It is not fashionable to feel sorry for banks, but I’ve had a pang of sympathy this week – brought on by media coverage of ATM charges and cheques.
Banks are, by and large, businesses so they exist to serve their customers and to make money for their shareholders. And as we know, recently, they’ve not been very good at doing either.
Cheques are dying out. They seem increasingly like a relic of the past, involving hand written slips of paper being moved round the country. The cheque clearance system is fairly cumbersome, expensive to run and open to fraud. More and more of us prefer to pay using cards and online transfers and payment technology is evolving rapidly with text, contactless, NFC, Apps and various other options developing all the time. So it is little wonder that banks are keen not only to stop investing in the cheque clearance infrastructure, but to close it down altogether.
But the Payments Council (which runs this stuff for the banks) didn’t do a good job communicating the changes. The initial announcement that cheques would be abolished failed to address concerns about what would replace them.
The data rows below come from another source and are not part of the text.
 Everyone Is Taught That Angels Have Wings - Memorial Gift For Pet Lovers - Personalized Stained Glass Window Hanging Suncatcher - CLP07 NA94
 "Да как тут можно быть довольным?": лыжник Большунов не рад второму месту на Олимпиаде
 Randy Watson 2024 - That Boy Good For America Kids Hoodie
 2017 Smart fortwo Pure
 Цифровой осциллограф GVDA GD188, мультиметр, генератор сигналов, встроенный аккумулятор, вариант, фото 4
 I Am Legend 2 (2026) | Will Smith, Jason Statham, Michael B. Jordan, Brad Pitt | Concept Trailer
As a result we saw howls of anguish from groups including charities, pensioner groups and small businesses.
The Payments Council backed down and announced that cheques were safe after all. But not that safe, because the cheque guarantee card system had been abolished anyway, which means few retailers will want to accept a cheque.
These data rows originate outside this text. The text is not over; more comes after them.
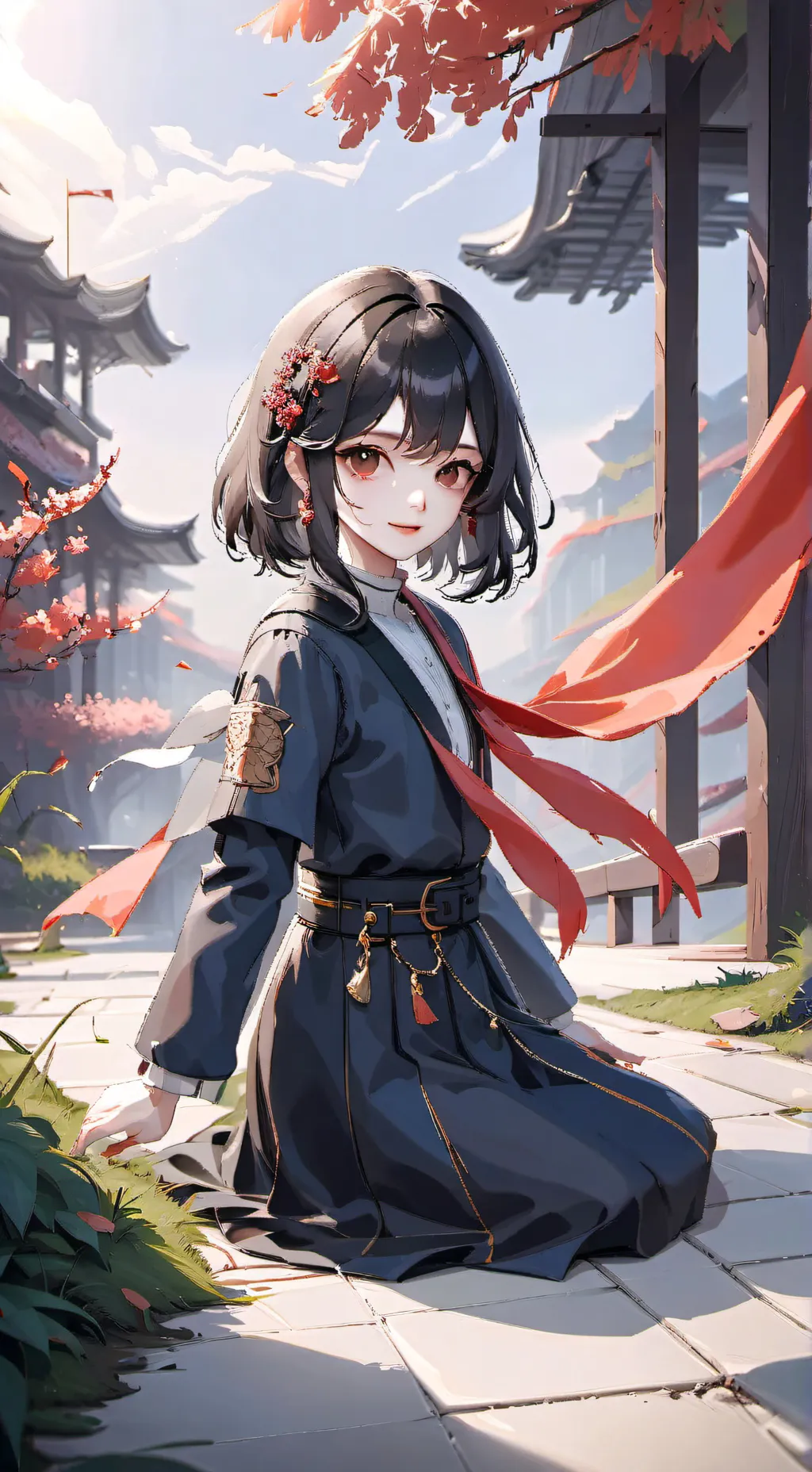 ai character: spy×family background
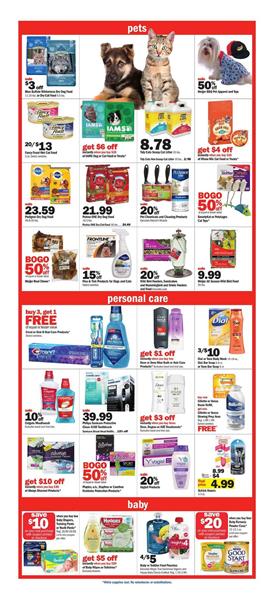 Meijer Weekly Ad Household Products Jun 30 - Jul 6, 2019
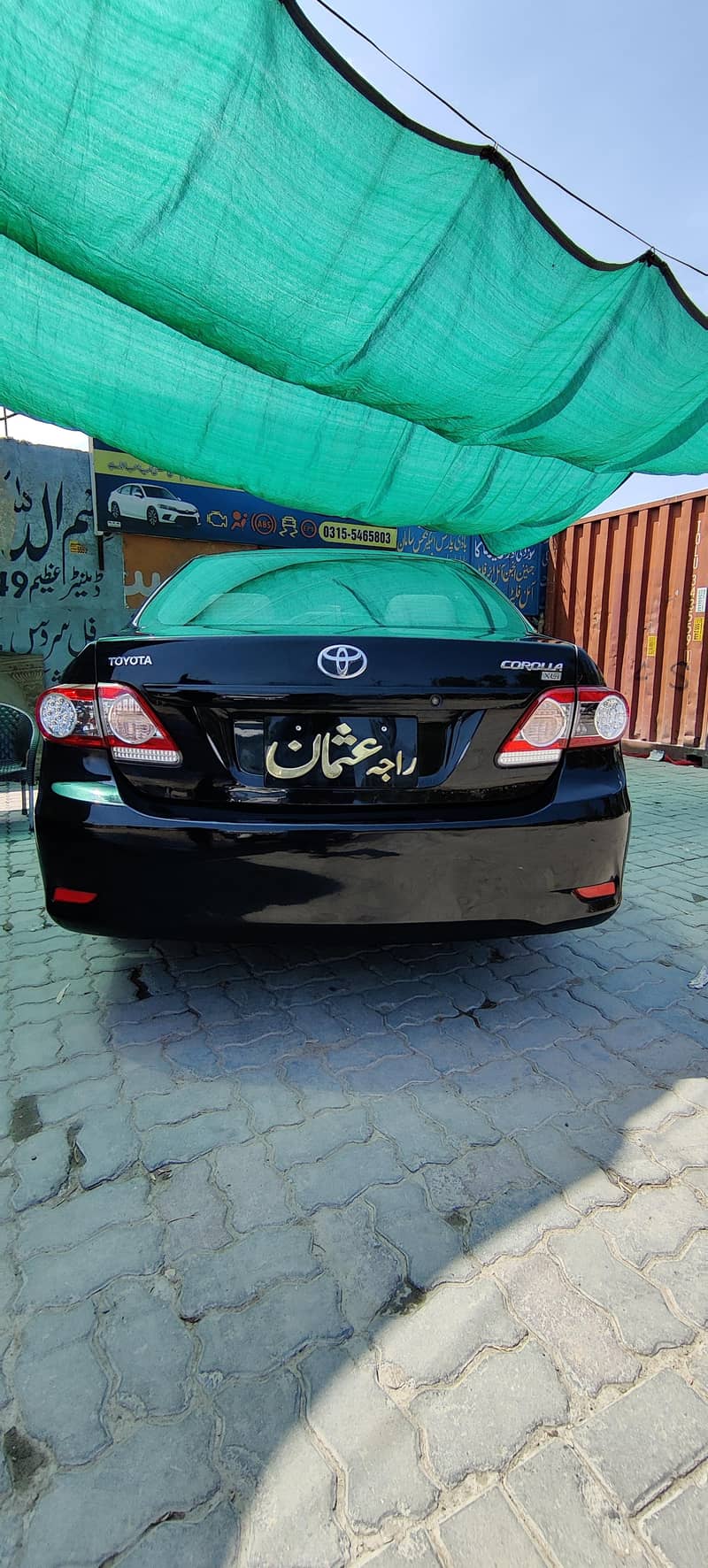 Corolla xli 2011 model 6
But it got worse for the banks this week, with the Treasury Select Committee joining the party to insist that banks must invest in the cheque system and should also communicate with customers to tell them that cheques are safe.
Right now the best option for banks seems to be to wait this one out. With the rise of new payment technologies cheques will continue to decline and, to put it bluntly, the people who use them will die out.
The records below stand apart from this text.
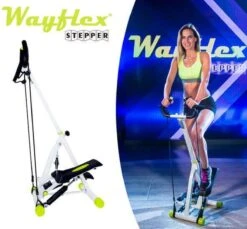 Wayflex - Opvouwbare Stepper - Hometrainer - Fitness Stepper - Fitnesstrainer - Wit/Zwart 23 Wayflex - Opvouwbare Stepper - Hometrainer - Fitness Stepper - Fitnesstrainer - Wit/Zwart -Fit Gear Verkoop 1200x1114 1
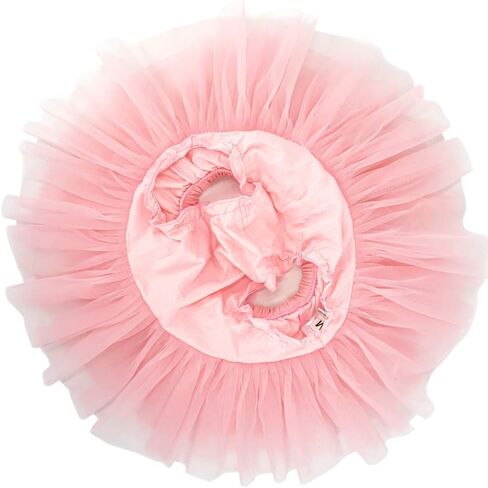 BGFKS Baby Girls Soft Tutu Skirt with Diaper Cover,1/2st Birthday Party Tutu Skirt Sets in Kuwait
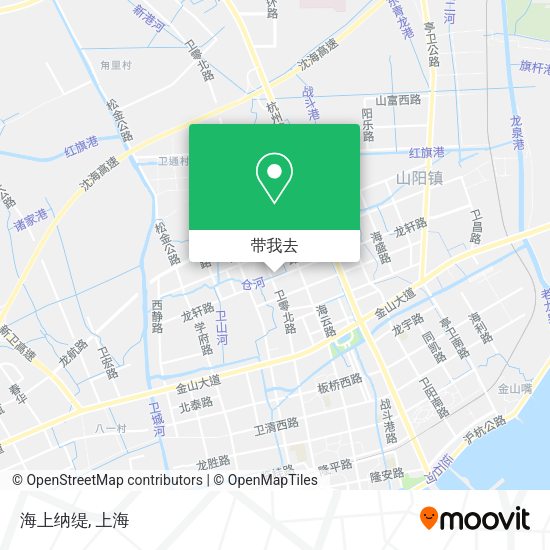 海上纳缇地图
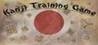 Kanji Training Game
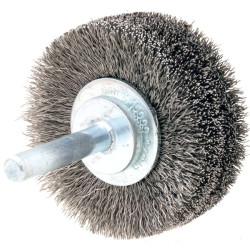 Apvalus vielinis šepetys 75 mm 0002506342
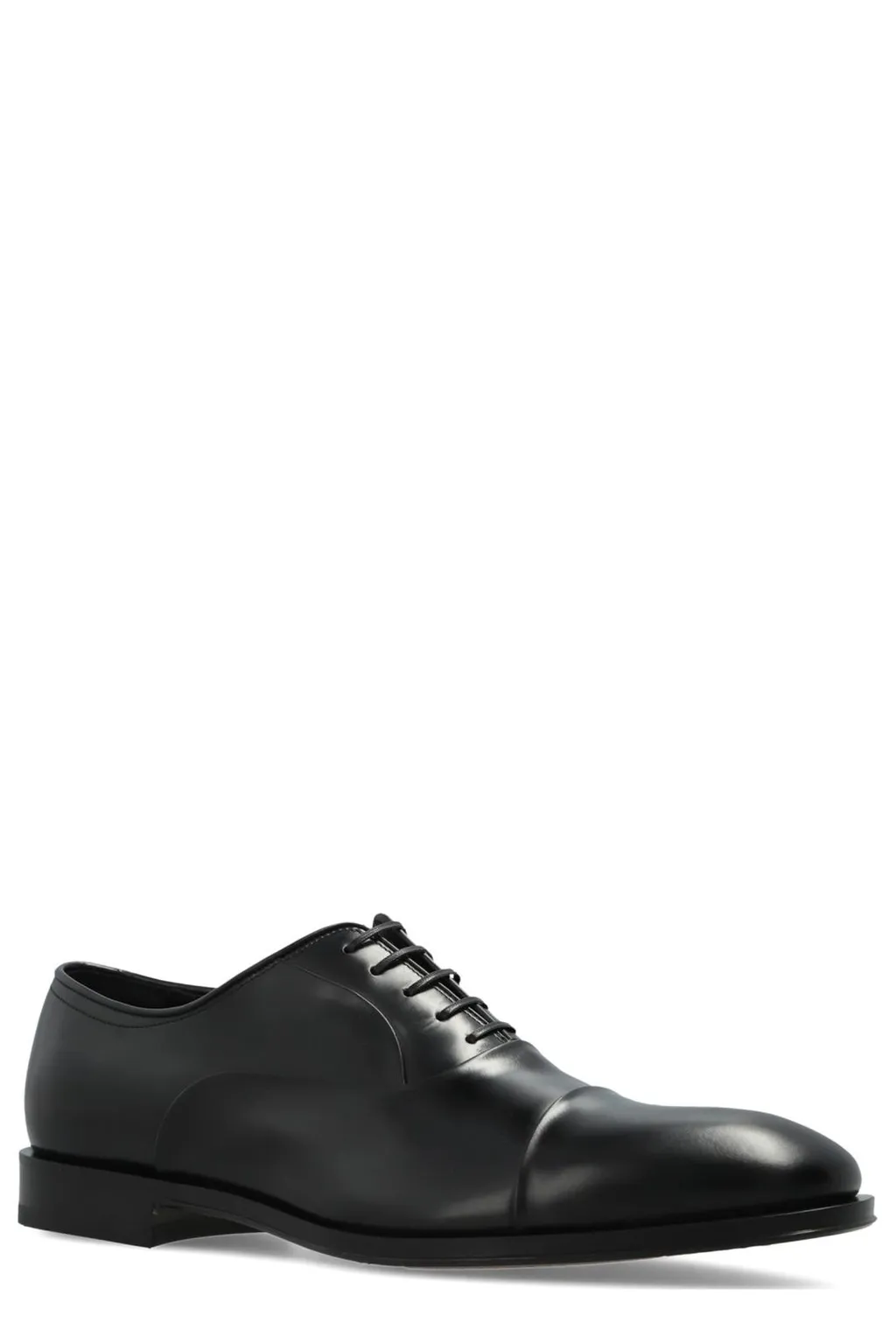 Ferragamo Toe Cap Oxford Shoes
But what in the interim? Perhaps some banks will start offering cheque books as an optional extra – if you want one then there is a small monthly charge. Or perhaps they will start charging a small fee for each cheque written. Interestingly enough a US Bank, Wells Fargo, this week started charging its customers for the debit cards.
RBS has been getting a lot of flack this week for stopping its one million or so basic bank account customers using other banks’ cash machines.
The Government forces banks to offer basic bank accounts. They offer most of the services that “normal” current account offer, but there is little revenue for banks. Unless customers have “returned items” (such as bounced cheques) there are no charges for normal use and there are no overdrafts, so no overdraft charges. And with low average balances the cash on float benefit to banks isn’t massive.
Basic bank account customers typically have poor credit records and are probably deemed by the banks to be less good target for cross sales. In short basic bank accounts are not profitable and are in many way part of the banks’ CSR programmes or just “the cost of doing business” in the UK.
Every time any one of us makes a withdrawal from “another” banks’ ATM our bank is charged a few pence. So who can blame RBS for trying to reduce the costs of its basic bank account portfolio? Well, as RBS could have anticipated, most people can! The move has been seen as targeting a vulnerable customer group unfairly. It remains to be seen whether RBS will tough this one out or, like the Payment Council make a U turn.
The bottom line here is that the current account market in the UK is completely distorted by “free” banking. The banking system costs millions if not billions of pounds to run. In fact the OFT said that the real cost of a current account was around £150 p.a., yet most of us enjoy free banking. Right now most of this cost is falling (unfairly) on people who pay overdraft charges.
Banks have endeavoured to generate revenue from current accounts by pushing “packaged” accounts hard. But these have come under increasing regulatory scrutiny. And this week a survey by moneysupermarket.com said that over half of those with a packaged account weren’t using the “added value” components.
Where’s this going to end? Well, if banks want sustainable, profitable current account businesses they are going to have to start having much more honest, straightforward conversations with customers about the real cost of the services they provide. Now there’s a communications challenge.